Nothing about going to conferences and speaking in front of audiences
is going to change that. The people who use Oracle and DB2 would
_also_ keep that quiet, if they could. If you read the license
agreements, though, such users aren't allowed to be silent about it.
We simply don't have the leverage to out people.
> To paraphrase Theo Schlossnagle at OSCon, "If you want to run a TB size
> database on Oracle, you pick up the phone and you can call 30 people to get
> help with your problem without a lot of effort. If you want to do it on
> Postgres, you just can't find that level of public experience with the
> problems you're going to face."
But what makes you think, even for a second, that funding people to
go and talk to audiences will change that? It will change the
profile of those individuals, of course, but it is far from plain to
me that such funds couldn't be better spent. For instance, if the
above is the problem you're trying to solve, why not fund educational
materials that can be distributed online for people trying to run TB
sized databases? Or find a way to build better (paying? I dunno)

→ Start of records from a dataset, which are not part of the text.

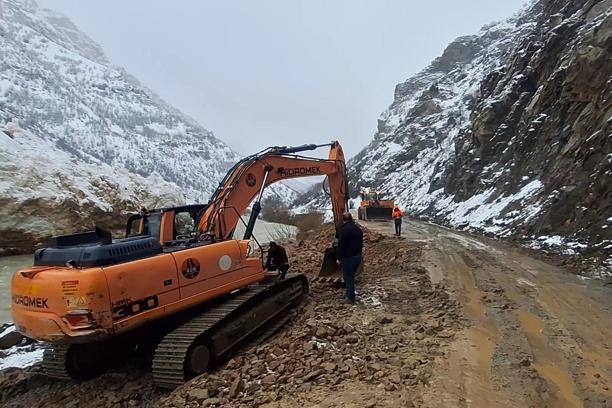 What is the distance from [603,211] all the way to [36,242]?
87.7 feet

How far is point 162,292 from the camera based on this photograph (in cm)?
625

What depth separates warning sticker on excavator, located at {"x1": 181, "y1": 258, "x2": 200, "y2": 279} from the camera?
21.7ft

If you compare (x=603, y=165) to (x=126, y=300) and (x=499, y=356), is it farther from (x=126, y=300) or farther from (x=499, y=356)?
(x=126, y=300)

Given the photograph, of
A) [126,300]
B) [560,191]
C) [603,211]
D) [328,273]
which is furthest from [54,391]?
[560,191]

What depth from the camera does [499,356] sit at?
19.4ft

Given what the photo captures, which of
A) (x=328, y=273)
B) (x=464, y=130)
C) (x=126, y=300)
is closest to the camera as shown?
(x=126, y=300)

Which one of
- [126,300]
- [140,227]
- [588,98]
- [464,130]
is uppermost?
[464,130]

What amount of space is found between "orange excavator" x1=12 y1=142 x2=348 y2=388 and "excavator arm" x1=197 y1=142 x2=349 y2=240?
28mm

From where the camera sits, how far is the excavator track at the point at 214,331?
5891 mm

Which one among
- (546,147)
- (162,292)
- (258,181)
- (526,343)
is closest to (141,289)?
(162,292)

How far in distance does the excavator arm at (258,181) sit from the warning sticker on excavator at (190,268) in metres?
1.03

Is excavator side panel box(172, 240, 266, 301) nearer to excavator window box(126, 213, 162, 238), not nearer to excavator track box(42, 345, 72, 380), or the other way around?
excavator window box(126, 213, 162, 238)

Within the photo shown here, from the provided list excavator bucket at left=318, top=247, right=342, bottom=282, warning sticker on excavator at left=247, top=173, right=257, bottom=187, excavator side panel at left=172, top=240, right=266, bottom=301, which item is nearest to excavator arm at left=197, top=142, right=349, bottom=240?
warning sticker on excavator at left=247, top=173, right=257, bottom=187

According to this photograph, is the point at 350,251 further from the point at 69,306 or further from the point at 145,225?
the point at 69,306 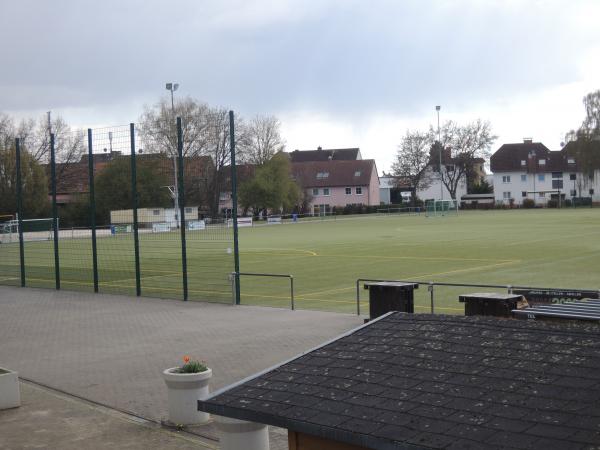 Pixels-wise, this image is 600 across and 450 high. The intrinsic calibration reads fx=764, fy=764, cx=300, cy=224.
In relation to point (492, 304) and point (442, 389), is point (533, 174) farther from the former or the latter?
point (442, 389)

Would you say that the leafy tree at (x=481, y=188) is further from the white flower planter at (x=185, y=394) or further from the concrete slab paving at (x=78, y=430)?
the white flower planter at (x=185, y=394)

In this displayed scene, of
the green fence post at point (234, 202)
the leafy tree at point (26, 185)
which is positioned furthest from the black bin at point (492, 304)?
the leafy tree at point (26, 185)

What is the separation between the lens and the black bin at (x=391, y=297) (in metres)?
13.4

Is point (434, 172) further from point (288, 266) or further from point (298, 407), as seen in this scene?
point (298, 407)

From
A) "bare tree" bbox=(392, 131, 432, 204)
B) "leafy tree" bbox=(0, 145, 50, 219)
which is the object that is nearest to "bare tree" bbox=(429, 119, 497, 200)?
"bare tree" bbox=(392, 131, 432, 204)

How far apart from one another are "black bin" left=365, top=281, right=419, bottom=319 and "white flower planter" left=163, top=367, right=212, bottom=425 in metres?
5.30

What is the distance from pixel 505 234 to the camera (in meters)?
45.0

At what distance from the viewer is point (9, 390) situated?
9.94 metres

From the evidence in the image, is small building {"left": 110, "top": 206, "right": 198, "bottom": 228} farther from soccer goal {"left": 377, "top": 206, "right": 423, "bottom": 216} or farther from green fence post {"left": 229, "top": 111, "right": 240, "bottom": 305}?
soccer goal {"left": 377, "top": 206, "right": 423, "bottom": 216}

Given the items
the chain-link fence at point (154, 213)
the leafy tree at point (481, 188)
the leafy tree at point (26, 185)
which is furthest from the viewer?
the leafy tree at point (481, 188)

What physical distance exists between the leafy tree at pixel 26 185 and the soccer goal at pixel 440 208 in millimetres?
46924

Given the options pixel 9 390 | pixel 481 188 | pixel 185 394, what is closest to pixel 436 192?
pixel 481 188

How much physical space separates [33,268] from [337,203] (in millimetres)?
88588

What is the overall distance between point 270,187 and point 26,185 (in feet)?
139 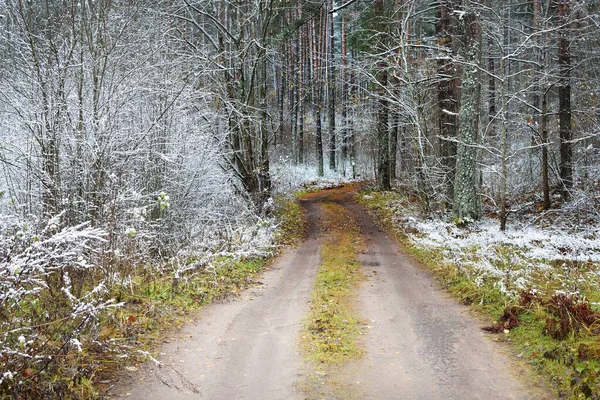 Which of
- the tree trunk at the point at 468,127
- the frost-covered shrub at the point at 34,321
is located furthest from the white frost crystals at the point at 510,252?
the frost-covered shrub at the point at 34,321

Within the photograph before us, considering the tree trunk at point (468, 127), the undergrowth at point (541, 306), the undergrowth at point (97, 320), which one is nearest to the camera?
the undergrowth at point (97, 320)

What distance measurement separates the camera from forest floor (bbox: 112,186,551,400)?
4641 mm

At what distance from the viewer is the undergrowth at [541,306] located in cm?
481

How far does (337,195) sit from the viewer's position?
80.0 feet

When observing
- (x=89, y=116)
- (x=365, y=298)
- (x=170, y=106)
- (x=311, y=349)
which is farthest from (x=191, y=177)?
(x=311, y=349)

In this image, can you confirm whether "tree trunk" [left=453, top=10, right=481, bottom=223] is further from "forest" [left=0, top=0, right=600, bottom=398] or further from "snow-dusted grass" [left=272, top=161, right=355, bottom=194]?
"snow-dusted grass" [left=272, top=161, right=355, bottom=194]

community-based support. (Moreover, I have to say, my confidence in
the answers I get out of the Postgres community is orders of
magnitude greater than the confidence I ever had in answers given to
me by companies who were in the business of selling me more
consultation. More is not always better.)
A
--
Andrew Sullivan | ajs(at)crankycanuck(dot)ca
I remember when computers were frustrating because they *did* exactly what
you told them to. That actually seems sort of quaint now.